Beware of hidden costs
The specialists emphasise that this accumulation rapidly erodes margins- and can even tip the business into the red. They therefore urge brands to scrutinise customs duties and taxes to avoid paying them several times over, and to right-size packaging to the actual dimensions of products, thereby reducing costs. They also recommend creating a returns collection point in certain markets to consolidate weekly or monthly returns and thus lower unit transport costs.
While e-commerce is a window into global markets, they nevertheless recommend a step-by-step approach to deployment.

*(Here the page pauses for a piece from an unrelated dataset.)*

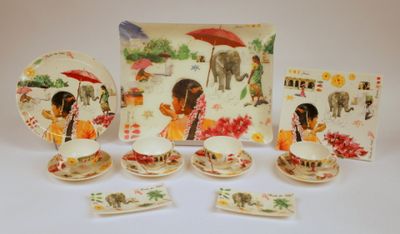 une photo montrant un assortiment d'assiettes et de tasses de style asiatique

At Global-e, the company leverages its data to target potential markets in line with each brand’s needs. “We have insights into best practices, consumer habits, and macroeconomic trends, with the aim of improving conversion,” said Basile Ricordel. “In fact, given the international context, the US market is perhaps more complicated at the moment. Hence the idea of redirecting that investment budget towards other markets, such as Japan right now. But the idea is to focus on five to ten countries that warrant investment and work to generate margin.”

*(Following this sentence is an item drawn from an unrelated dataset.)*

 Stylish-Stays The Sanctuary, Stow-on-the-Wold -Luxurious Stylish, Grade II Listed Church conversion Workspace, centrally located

For his part, Rémy Daguillard also urges brands to avoid endless laundry lists and to take local and geopolitical realities into account. “Obviously, e-commerce in Russia right now is going to be tricky. But there are areas that aren’t closed and that require understanding. Mexico, for example, is a dynamic market for luxury goods, but it has specific features to take into account, with hidden costs.” The executive recounts the misadventure of customers who have to slip an extra note to couriers to be able to collect their parcels. “You can devise your best model; these things happen, and France doesn’t have the same norms as Mexico, Brazil, or Australia.”

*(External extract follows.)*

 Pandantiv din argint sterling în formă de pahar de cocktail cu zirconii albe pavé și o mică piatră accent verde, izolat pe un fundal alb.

“You can’t be adventurous on all fronts,” confirmed Mathieu Grodner, who pointed out that digital represents 20% of his business today. “You can’t be the best in every territory, and we’ve learned that the hard way. But we’re striving to be increasingly homogeneous worldwide, because today you can no longer claim to be an international brand if you have too much disparity, whether in your prices or in your offering.”
WOB
This prioritisation appears to be a key point, particularly in a geopolitical context that has been especially unstable in recent years, with the episode over US customs duties a notable flashpoint. The abolition of the de minimis exemption, which since 2016 had allowed brands to send parcels to the US without paying duties or taxes on products valued at under $800, has significantly disrupted export strategies for the US market.
“The question of the American market has indeed been top of mind for all our clients, who have been trying to adapt as best they can since August 29 to taxes and customs duties, particularly with the abolition of the de minimis rule. Since we developed a model that allows customs duties to be paid on the transfer price, this has reduced the impact,” said Rémy Daguillard.
“Throughout the debate on tariffs, brands were worried about how they would be affected,” agreed Basile Ricordel. “Questions are being asked about products made in Europe, but some brands also have products made in China. Brands are wondering whether they should hold local stock. And that raises questions such as appointing a fiscal representative… all while seeking the best option to avoid eroding profitability in the US.”
Opportunities therefore remain in the US, as in other markets, but the unstable economic and geopolitical context is prompting brands to take greater precautions when rolling out their digital business into new markets.